Jeremy couldn’t think, couldn’t even begin to comprehend what he was hearing. “Your mother,” he said. “Why would she want you to kill yourself?”

Harrison frowned, as if the answer was obvious. “She was trying to protect me.”

Jeremy’s legs gave way and he leaned back against the door. “What?”

“She thought I’d be safer dead with her, than alive with him.” A sound that mimicked laughter flooded out of him. “Safer. Can you imagine?” The grating sound grew louder. Jeremy flinched, and it cut short.

There was a moment of silence and then Jeremy cleared his throat. “Is that everything?”

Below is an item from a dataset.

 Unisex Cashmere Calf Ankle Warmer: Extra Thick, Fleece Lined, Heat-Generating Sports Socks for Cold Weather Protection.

“I wish it was,” Harrison spat out. “I still haven’t told you what I did when I found out my father died the next year.” He paced around the room, his hands moving in quick, fidgety gestures. “He was murdered actually. You know the type. Seedy motel. Blunt force trauma to the head. The cops never figured out who did it.” A breath huffed out of him. “Not that anyone much cared.”

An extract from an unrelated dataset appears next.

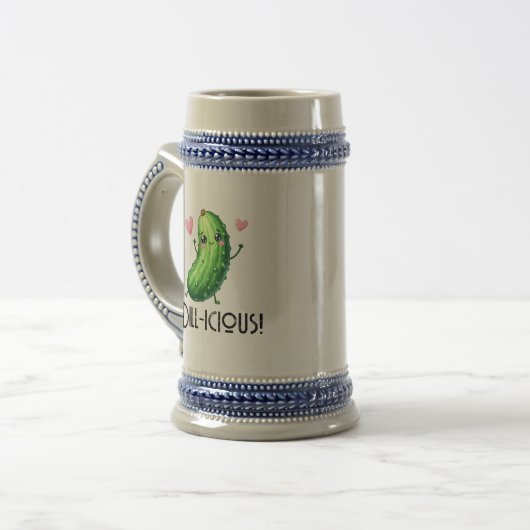 Dill-icious Bierglas (Vorderseite Links)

Jeremy wasn’t interested in what happened to Harrison’s arsehole of a father. “What did you do, when you found out?”

“A bottle of tequila.” He grimaced, as if he could still taste it. “Nasty stuff, but it seemed like a better method than pills.”

Every ounce of air left Jeremy’s lungs in a rush and he sank to the floor. “You tried to kill yourself again.”

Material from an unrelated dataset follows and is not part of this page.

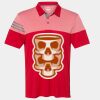 Men's Heathered 3-Stripes Colorblocked Polo Thumbnail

“It seemed like a good idea at the time. Life hadn’t improved much so…” There was a dismissive shrug as Harrison lowered himself to his knees in front of Jeremy. “After Mum died, I thought moving to Australia would fix everything. I’d survived the worst, so things would be better, right? Only it wasn’t that simple,” he said, shaking his head. “You see, I brought myself with me. My distrust of everyone. My behaviour problems. The constant dreams that trapped me back in that room over and over.” His shoulders sagged, as if the weight on his shoulders had become too heavy to bear. “I was so full of anger and shame for who I was. I hated being a burden on my aunty and uncle. They were good people. They didn’t deserve to get stuck with a piece of shit kid like me. And it didn’t matter how many times they told me they wanted me with them. Nothing they said could touch me.” There was little left of his voice now and Jeremy moved closer to be able to hear him. “I was still so lost. Stuck halfway between life and my mother’s grave.

“When we got word my father had been killed, what little was left of me broke. I felt like I didn’t belong in the world anymore. What place did I have here, when the people who’d brought me into it were gone in such violent ways? I could never be anything good, not coming from where I did. I was glad my father was dead. The world was a better place without him in it. I couldn’t help but wonder if it would be a better place without me, too. Surely it would be easier on everyone if I was just… gone.”